Alors que les images et les vidéos de milliers de personnes libérées de diverses prisons gérées par l'ancien régime d’Al-Assad inondent les réseaux sociaux, les groupes de défense des droits de l’Homme et les experts demandent que les responsables rendent des comptes.
Effondrement du régime et libération des prisonniers
Depuis que des groupes anti-régime se sont emparés de Damas le 8 novembre, forçant Al-Assad à quitter le pays et provoquant l’effondrement de son armée, des milliers de prisonniers ont été libérés des cellules exiguës et des sombres cachots de la prison de Sednaya à Damas.
Des appels ont été lancés pour recueillir les témoignages des prisonniers et poursuivre les responsables de la torture et de l'exécution des opposants au régime.
”Les violations commises sous le régime Al-Assad étaient nombreuses et systématiques et ne peuvent être résumées par des mots ou des chiffres”, a déclaré Almoutassim Al Kilani, avocat spécialisé dans les droits de l'Homme et expert en droit pénal international à Paris.
Selon des organisations de défense des droits de l'Homme, au moins 136 600 personnes ont été détenues dans les tristement célèbres prisons du régime syrien.
Le Haut-Commissaire des Nations Unies aux droits de l'Homme, Volker Turk, a appelé lundi à ce que les auteurs d'abus sous le régime de Bashar Al-Assad soient tenus pour responsables.
“L'obligation de rendre des comptes sera un élément clé de la transition, car nous ne pouvons pas nous permettre de revenir à ces périodes où l'impunité règne”, a-t-il dit.
Les Nations unies estiment que plus de 100 000 personnes ont disparu au cours de la guerre civile qui a duré des années.

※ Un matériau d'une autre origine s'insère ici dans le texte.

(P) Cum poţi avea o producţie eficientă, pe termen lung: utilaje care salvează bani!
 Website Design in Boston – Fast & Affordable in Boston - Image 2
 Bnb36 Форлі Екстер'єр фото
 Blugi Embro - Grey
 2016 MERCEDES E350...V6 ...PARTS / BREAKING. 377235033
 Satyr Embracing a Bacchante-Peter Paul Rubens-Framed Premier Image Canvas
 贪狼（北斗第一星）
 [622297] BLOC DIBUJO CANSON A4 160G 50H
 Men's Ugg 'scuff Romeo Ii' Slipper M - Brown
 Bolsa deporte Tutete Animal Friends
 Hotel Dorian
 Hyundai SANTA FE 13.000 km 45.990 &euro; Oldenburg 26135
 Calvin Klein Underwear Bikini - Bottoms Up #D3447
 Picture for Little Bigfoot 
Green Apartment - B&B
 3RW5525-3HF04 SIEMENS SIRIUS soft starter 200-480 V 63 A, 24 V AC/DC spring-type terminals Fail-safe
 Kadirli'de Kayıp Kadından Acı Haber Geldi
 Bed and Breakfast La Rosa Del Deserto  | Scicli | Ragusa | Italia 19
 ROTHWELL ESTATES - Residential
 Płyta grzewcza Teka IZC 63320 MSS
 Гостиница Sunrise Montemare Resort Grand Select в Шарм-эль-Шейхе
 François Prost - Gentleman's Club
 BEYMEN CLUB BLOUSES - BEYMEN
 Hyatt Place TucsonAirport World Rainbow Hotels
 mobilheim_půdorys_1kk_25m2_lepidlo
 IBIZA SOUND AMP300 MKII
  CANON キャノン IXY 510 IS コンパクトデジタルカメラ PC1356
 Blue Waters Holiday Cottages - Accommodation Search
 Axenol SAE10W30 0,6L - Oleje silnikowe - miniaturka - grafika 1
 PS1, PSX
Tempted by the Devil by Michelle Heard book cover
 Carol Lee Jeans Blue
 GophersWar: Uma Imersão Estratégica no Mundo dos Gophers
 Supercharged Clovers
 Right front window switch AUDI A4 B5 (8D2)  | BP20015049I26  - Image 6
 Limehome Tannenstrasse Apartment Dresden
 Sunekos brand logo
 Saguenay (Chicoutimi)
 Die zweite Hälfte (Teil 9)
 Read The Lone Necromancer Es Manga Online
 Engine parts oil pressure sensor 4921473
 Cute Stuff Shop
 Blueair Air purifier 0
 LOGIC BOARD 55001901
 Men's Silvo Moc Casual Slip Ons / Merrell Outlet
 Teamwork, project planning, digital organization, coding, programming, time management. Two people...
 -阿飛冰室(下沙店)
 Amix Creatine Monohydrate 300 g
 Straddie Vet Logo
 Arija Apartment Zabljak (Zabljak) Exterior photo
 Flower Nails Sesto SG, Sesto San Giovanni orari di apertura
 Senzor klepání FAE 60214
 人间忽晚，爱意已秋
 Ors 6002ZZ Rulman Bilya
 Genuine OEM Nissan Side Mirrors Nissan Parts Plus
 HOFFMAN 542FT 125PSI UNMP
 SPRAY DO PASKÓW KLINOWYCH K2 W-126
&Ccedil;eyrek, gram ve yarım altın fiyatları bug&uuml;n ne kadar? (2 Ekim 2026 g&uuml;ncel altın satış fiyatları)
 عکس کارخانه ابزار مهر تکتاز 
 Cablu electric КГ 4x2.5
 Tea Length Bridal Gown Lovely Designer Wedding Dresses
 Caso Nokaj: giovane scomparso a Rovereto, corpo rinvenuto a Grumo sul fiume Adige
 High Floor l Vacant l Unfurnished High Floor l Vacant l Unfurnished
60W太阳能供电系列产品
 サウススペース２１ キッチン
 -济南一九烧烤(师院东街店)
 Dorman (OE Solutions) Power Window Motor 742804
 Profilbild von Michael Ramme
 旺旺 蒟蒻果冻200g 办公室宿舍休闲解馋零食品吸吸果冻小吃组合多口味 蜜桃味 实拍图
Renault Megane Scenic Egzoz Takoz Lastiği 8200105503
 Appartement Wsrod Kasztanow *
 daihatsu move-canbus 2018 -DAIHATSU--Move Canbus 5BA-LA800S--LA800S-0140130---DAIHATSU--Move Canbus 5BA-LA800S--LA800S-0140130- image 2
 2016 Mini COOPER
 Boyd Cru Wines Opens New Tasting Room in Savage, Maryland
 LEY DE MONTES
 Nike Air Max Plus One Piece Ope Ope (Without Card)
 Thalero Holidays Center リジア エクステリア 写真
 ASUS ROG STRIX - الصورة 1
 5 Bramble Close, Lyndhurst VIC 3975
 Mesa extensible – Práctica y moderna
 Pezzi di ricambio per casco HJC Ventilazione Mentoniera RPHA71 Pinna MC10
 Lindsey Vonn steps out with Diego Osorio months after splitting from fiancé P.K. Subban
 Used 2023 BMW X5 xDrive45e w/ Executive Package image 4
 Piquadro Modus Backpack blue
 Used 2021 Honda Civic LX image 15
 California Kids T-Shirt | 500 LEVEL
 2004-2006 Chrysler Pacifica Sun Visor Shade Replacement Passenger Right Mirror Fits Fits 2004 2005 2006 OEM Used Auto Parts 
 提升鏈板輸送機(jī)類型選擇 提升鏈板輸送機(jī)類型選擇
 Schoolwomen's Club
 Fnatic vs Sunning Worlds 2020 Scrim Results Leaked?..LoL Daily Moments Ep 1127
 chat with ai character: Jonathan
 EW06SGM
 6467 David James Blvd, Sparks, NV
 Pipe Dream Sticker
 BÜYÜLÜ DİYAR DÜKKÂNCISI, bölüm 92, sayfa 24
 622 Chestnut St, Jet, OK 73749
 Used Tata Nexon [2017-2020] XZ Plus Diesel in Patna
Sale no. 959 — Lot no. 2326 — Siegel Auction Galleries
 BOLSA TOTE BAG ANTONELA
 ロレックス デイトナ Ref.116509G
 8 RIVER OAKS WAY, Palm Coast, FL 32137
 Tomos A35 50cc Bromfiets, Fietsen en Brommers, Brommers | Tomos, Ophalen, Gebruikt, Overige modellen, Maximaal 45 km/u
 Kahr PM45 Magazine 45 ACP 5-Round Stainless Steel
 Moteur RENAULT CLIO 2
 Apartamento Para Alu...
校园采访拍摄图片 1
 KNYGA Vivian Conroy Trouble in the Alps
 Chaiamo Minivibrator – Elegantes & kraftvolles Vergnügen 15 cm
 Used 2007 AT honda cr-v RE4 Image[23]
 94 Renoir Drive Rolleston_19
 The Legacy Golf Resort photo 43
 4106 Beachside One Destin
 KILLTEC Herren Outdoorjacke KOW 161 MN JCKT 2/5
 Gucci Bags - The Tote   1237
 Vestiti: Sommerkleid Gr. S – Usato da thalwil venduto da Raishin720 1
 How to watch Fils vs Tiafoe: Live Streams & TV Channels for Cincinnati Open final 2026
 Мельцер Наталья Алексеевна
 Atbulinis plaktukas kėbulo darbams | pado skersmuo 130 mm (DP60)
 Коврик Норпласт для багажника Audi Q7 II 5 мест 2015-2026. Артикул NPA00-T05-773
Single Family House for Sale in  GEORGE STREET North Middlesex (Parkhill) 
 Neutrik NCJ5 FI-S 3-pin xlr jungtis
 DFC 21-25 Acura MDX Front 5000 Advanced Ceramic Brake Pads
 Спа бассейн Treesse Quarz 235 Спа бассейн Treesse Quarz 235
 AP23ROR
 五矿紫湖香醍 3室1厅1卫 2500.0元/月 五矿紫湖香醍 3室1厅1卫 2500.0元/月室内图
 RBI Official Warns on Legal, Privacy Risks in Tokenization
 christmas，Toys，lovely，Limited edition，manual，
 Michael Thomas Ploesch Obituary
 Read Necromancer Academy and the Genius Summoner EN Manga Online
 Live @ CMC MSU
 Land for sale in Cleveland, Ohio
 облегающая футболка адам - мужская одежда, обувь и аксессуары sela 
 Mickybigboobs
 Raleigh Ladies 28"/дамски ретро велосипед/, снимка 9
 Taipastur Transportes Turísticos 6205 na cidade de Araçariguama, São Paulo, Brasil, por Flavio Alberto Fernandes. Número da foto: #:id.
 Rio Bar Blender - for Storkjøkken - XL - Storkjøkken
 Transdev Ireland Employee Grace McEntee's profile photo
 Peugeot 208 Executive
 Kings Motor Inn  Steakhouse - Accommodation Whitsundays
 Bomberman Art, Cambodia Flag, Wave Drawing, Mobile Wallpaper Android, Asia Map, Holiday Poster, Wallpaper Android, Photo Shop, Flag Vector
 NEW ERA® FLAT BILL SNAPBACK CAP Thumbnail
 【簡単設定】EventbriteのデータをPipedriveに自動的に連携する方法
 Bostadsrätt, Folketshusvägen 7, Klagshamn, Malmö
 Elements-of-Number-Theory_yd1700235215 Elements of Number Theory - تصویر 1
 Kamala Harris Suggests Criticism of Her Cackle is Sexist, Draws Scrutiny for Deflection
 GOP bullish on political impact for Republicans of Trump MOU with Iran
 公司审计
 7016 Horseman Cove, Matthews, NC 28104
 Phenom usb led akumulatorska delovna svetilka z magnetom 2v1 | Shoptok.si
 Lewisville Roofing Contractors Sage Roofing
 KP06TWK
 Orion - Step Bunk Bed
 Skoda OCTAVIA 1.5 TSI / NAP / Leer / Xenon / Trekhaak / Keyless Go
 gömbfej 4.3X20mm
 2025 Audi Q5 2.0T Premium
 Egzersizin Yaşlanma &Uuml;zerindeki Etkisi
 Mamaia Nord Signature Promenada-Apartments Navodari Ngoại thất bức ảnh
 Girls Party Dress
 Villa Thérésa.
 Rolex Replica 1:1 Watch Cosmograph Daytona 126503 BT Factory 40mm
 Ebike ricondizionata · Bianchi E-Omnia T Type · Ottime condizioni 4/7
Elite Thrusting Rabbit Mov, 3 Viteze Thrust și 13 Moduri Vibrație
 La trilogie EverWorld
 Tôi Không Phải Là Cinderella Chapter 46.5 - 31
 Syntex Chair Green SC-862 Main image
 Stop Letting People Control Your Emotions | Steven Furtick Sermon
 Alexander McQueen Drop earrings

Les horreurs de la prison de Sednaya
Parmi les lieux de détention tristement célèbres, la prison de Sednaya à Damas incarne l’atrocité du régime.
“Après l'exécution du détenu, son corps est placé dans la machine à presser qui est mis en marche. Les deux côtés sont pressés l'un contre l'autre, l'os est complètement brisé et le sang sort complètement du corps, le corps devient comme un tapis, et les tapis humains sont collectés avant d'être jetés ou brûlés”, a déclaré Al Kilani à TRT World.
Fuyant la Syrie en 2014 après avoir vu ses proches torturés, Al Kilani en tant qu'expert juridique international, a résumé les violations des droits commises par le régime syrien en plusieurs catégories : torture à mort dans les centres de détention, absence de procès équitable, exécutions extrajudiciaires, destruction de villes, déplacement de populations, utilisation d'armes internationalement interdites, assassinat de civils et tout ce que l'on peut imaginer de pire.
Citant un rapport publié par un groupe de défense des droits sur les tortures dans la prison de Sednaya en 2016, il a déclaré : ”Ce n'est pas une prison, c'est un abattoir. Les prisons nazies étaient peut-être plus clémentes que les prisons d'Al-Assad, imagine”.
Il existe des cas documentés d'enfants battus avec des tuyaux d'arrosage en plastique, mis sur la planche à eau et soumis à des chocs électriques par les services de renseignement d'Al-Assad.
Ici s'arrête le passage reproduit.